PostgreSQL’s FTS configuration is set to 'simple', not 'english' or 'italian'. The simple configuration does no stemming and applies no language-specific stopword list. The trade-offs are explicit:

aspect	`simple` (current)	language-specific (e.g. `english`)
stemming	none — “running” ≠ “ran”	yes — “running” matches “ran”
stopwords	none — “the” stays in the index	dropped — “the” is removed
multilingual	works the same for any language	wrong for any language other than the configured one
identifiers	preserved as-is (good for ticket IDs)	sometimes mangled

Polyant instances span Italian, English, German, and mixed-language content (a Slack channel where users code-switch mid-sentence). A language-specific config would silently break searches in every language except the one chosen. simple is worse than perfect English search, but it is consistently correct everywhere — and the vector backend already provides semantic recall, including across morphological variants.

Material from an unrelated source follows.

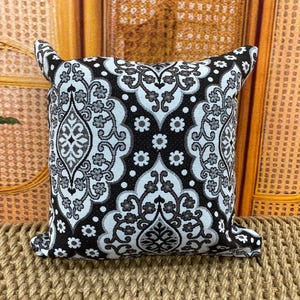 Vintage Black and White Kilim Pillow, Elegant Floral Cushion, 18x18 Sofa Pillow, Turkish Accent Pillow for Timeless Home Decor 18x18kp133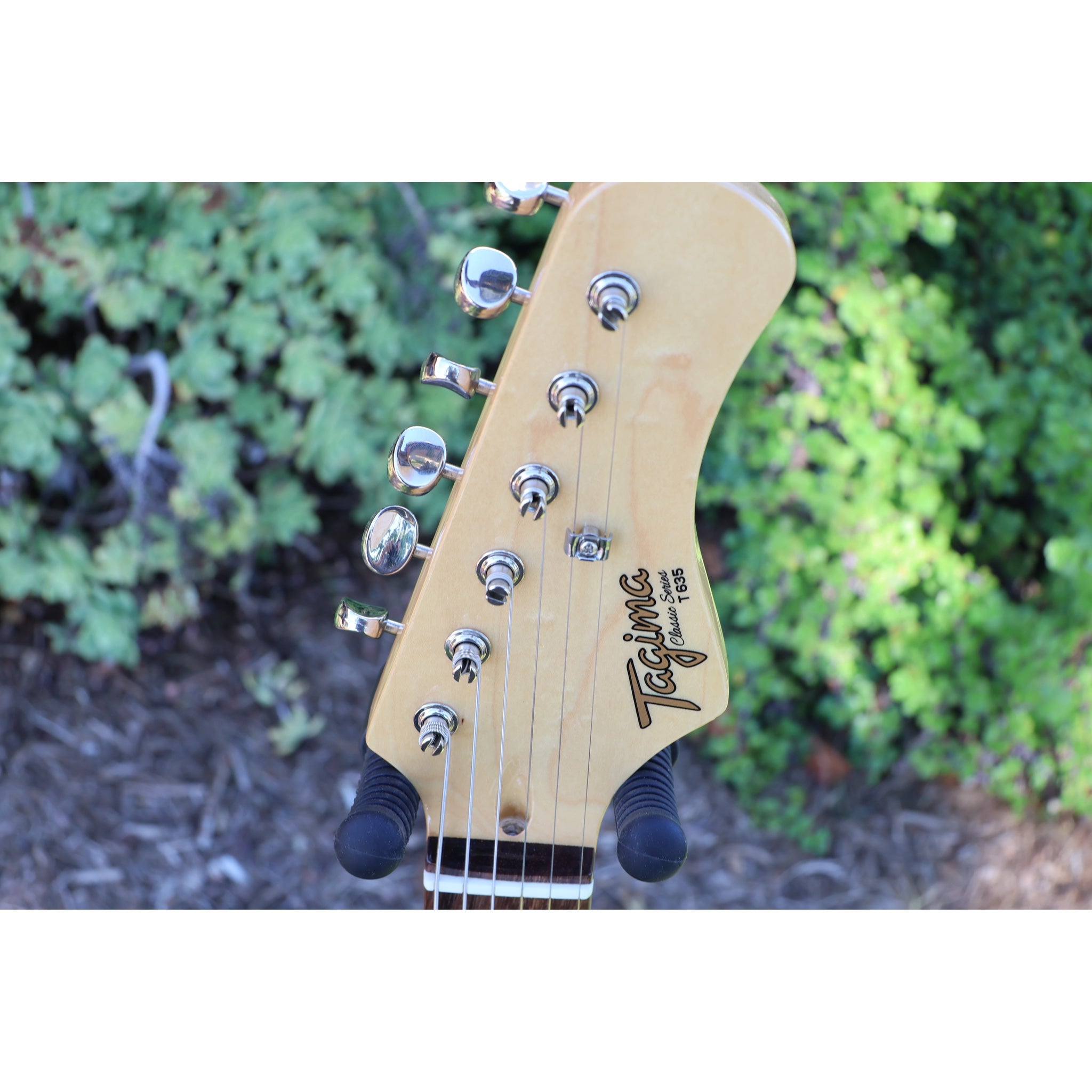 Tagima T-635 Classic LS Black Electric Guitar with Lace Sensor Pickups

What hybrid search powers today

The same hybrid algorithm is used by the supervisor’s memory tool:

searchMemory — fuses pgvector over the memories table with FTS over conversation_messages. Memories are LLM-extracted facts; conversation messages are raw turns. Combined, the retriever catches both “what the user told me” (memory) and “the exact phrase they used” (FTS).

The knowledge surface (searchKnowledge) currently performs a pure pgvector search over knowledge_chunks. See Knowledge Base for the full retrieval description.

How it works


query
  |
  +---------------------------+---------------------------------+
  |                                                             |
  v                                                             v
  embed via generateEmbedding()                  websearch_to_tsquery('simple', query)
  OpenAI text-embedding-3-small                  over a generated tsvector column
  |                                                             |
  v                                                             v
  pgvector cosine search                         ts_rank() FTS search
  searchByVector(emb, instanceId, fetchLimit)    conversationStore.searchByKeyword(...)
  top-N candidates (semantic)                    top-N candidates (lexical)
  |                                                             |
  +---------------------------+---------------------------------+
                              |
                              v
                     Reciprocal Rank Fusion
                     k = 60
                     for each result r at position i in backend b:
                         score(r) += 1 / (k + i + 1)
                              |
                              v
                  sort desc by fused score, slice(0, limit)
                              |
                              v
                     HybridSearchResult[]
                       { content, type, score, source, createdAt }

Failure modes and graceful degradation

Each backend is wrapped in its own try / catch inside hybridSearch(). If pgvector raises (e.g. the embedding call fails because the per-instance openai_api_key is missing), the keyword backend’s results are still returned. Same in reverse — if FTS fails, vector results still come back. Hybrid search “degrades to single retriever” rather than failing the whole tool call.

If both backends fail, the function returns an empty array. The supervisor sees no results and either tells the user it does not know, or attempts another tool.

Code reference

packages/engine/src/memory/hybrid-search.ts — hybridSearch(), RRF with k = 60, parallel backend calls.
packages/engine/src/memory/memory-store.ts — searchByVector(), pgvector cosine query.
packages/engine/src/memory/embedder.ts — generateEmbedding(), OpenAI text-embedding-3-small.
packages/engine/src/conversations/store.ts — searchByKeyword(), FTS with simple config.
packages/engine/src/conversations/schema.ts — Generated tsvector column on conversation_messages.
packages/engine/src/agents/tools/search-memory.tool.ts — Supervisor-facing wrapper.
packages/engine/src/knowledge/search.ts — Pure pgvector path used by searchKnowledge.